Problems when P/Invoking CertCreateSelfSignCertificate

I was following this article (in it there is a link to a .cs file at the bottom of the page) to generate a self-signed X509Certificate2. The code in the article works but now I want to extend it. I am trying to pass the optional argument, _In_opt_ PCRYPT_ALGORITHM_IDENTIFIER pSignatureAlgorithm, into CertCreateSelfSignCertificate.

I have created this structure for it:

struct CryptoApiBlob
{
    public Int32 cbData;
    public IntPtr pbData;
}

struct CryptAlgorithmIdentifier {
    public String pszObjId;
    public CryptoApiBlob Parameters;
}

The code I am trying to use to create it is:

CryptAlgorithmIdentifier algorithm = new CryptAlgorithmIdentifier { pszObjId = "szOID_NIST_AES256_CBC", Parameters = new CryptoApiBlob { cbData = 0 } };
algorithmPointer = Marshal.AllocHGlobal(Marshal.SizeOf(algorithm));
Marshal.StructureToPtr(algorithm, algorithmPointer, false);

I then pass the algorithmPointer into the method.

I get this error when I try to pass it into CertCreateSelfSignCertificate:

An unhandled exception of type 'System.Runtime.InteropServices.COMException' occurred in mscorlib.dll

Additional information: ASN1 bad arguments to function call. (Exception from HRESULT: 0x80093109)

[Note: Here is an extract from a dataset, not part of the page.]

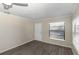 Bedroom featuring new floors, natural light, and neutral paint at 2597 Countryside Blvd # 204, Clearwater, FL 33761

Does anyone happen to know why this happens, or can see any problems with the way I've defined my structure or allocated it in memory?

As @Luaan noted, strings can be tricky to marshal correctly in p/invoke, it's often easiest to avoid p/invoke interop when you can. However I was still curious what was going wrong here.

From the MSDN docs on PCRYPT_ALGORITHM_IDENTIFIER it looks as though you should pass in the actual OID of the algorithm "2.16.840.1.101.3.4.1.42" in this case. The szOID_NIST_AES256_CBC that is in the list there is only the C/C++ identifier (or macro) that expands to said OID string.